Paul Ryan’s painting, The Wild Colonial Boy, 2008 is part of an ongoing series about the earliest days of settlement in New South Wales. We do not know the identity of the sitter but there is likely an association to officers of the Corps or the convict jailor of the 1780’s. The swaggering impressionism which Ryan brings to the painting accounts for the suggestion of ruff and epaulet and finally the muffled gaze of the sitter.

The key to any Peter Booth painting is humanness, what Saul Bellow has called, ‘faulty humanity.’ 5) It is everywhere in the landscape of Booth’s paintings and no less in the predicament of his characters, skewered as they are on their own subjectivity and alienation. The subject of Booth’s Painting (Head) 2008, is grizzled and bluntly expressive but the gold background adds an allegorical and perhaps redemptive note to the painting.

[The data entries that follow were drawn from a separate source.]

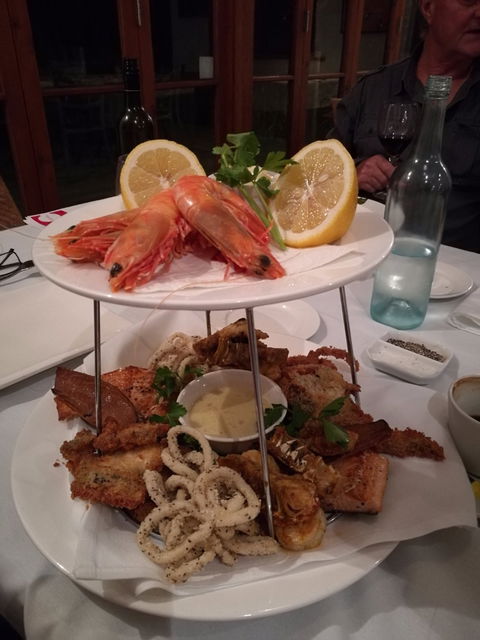 Blues Restaurant - Tourism TAS 1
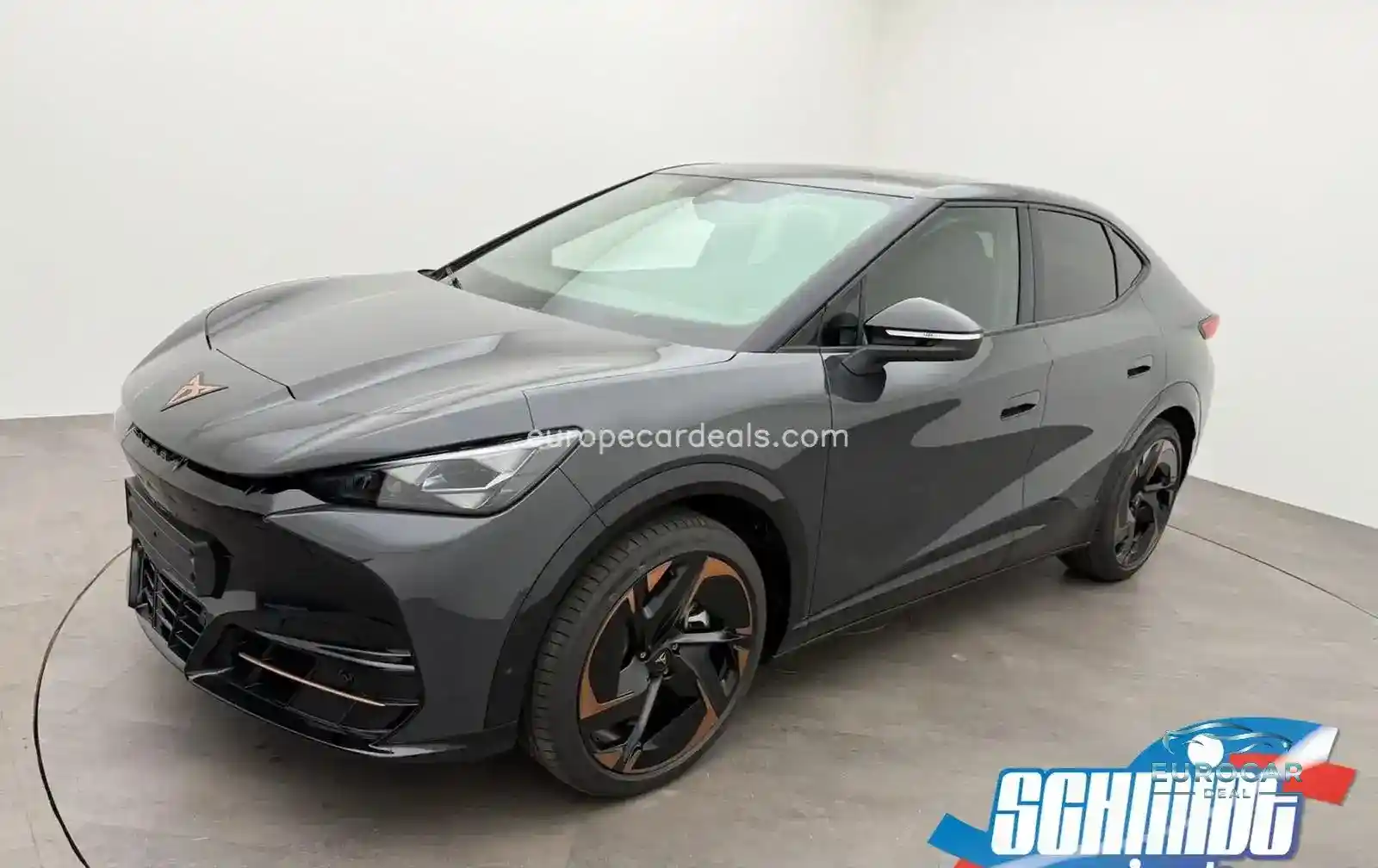 Cupra Tavascan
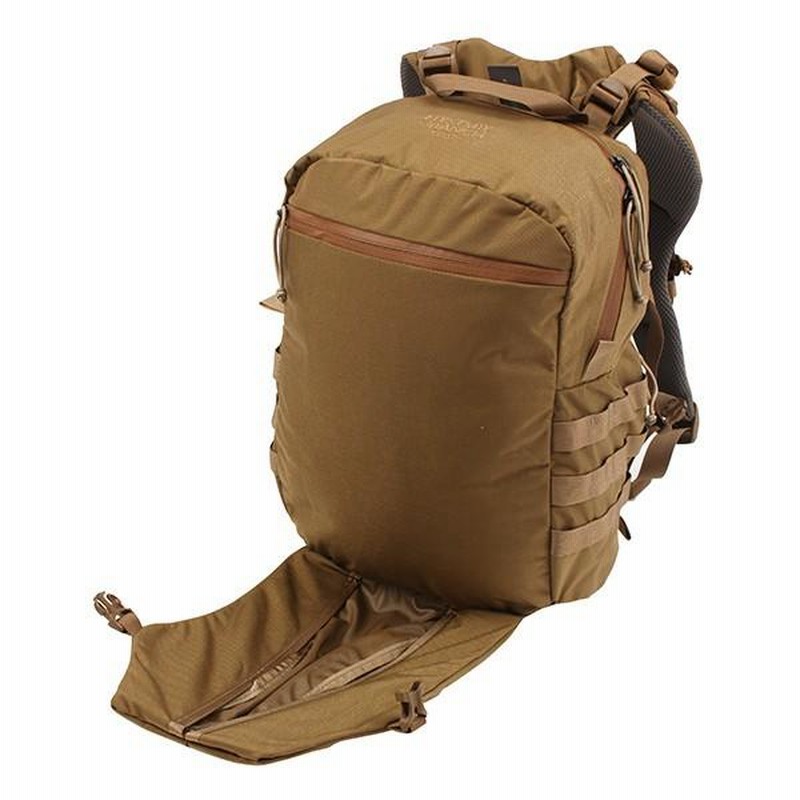 ミステリーランチ クレスト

Mimmo Paladino’s art has always been keenly symbolic and his approach to iconography tempered with a romantic naturalism. ‘On the one hand’, Paladino has said, ‘I feel close to Giotto and Piero della Francesca, on the other, I pay attention to Byzantine and Russian icons…’ 6) The two lithographic prints in this exhibition are portraits of the Russian film director, Andrei Tarkovsky. The first Tarkovsky head is embellished with gold leaf and the other, almost identical head, is surmounted by tesserae mosaic and a steel frame.

The Jane Burton photograph of this exhibition, Morphée 2009, also creates an interesting parallel to Tarkovsky and Jean Cocteau whose reflective and dreamlike cinema has been of influence to Burton. Burton has used abandoned urban spaces and the wilds of Tasmania as settings for her photographs. The figure is always present, even if not seen in the pictured space. In Morphée 2009 we have two heads seemingly suspended. It is likely the god of dreams, Morpheus, who appears to our subject as she crosses into sleep, her eye lids weighted with tree like tendrils.

The figure and the way that individuals might relate to those around them are central to the sculpture and drawings of John Davies. Realism as can be seen in Davies’s Head of PW, 1983, is the vehicle by which Davies is able to work from particular observation of a head to greater values.  On this point, John Davies has said, ‘My work has carried me closer to people - in a kind of circle. My sculpture seems to have that function for me.’ 7)

Christie Brown is a sculptor much immersed in the practice of ceramics. Her interests lie with archaeology and our relationship with objects in museum settings. No less the symbolic values of clay, wax and bronze. Head from ‘The Glyptotek’ 2001 is based on Brown’s research in the Glyptoek Museum in Munich where she encountered a large number of ancient heads set very high on plinths.

We are fortunate to have a variety of heads from Vanuatu in this exhibition. The Ambrym and Malekula ‘ancestor’ heads come from a culture with distinct values and artistic traditions. The skull of our exhibition is over modelled with a coconut fibre, clay and the sap of fig trees. In essence the Malekula head is a portrait and the paint markings applied to the face correspond to the rank (suque) of the ancestor. The veneration of the skull in Melanesian culture extends to a variety of ranks and to tribal settings within Vanuatu, indeed in some tribes food may be laid out for the skulls of  ancestors to eat.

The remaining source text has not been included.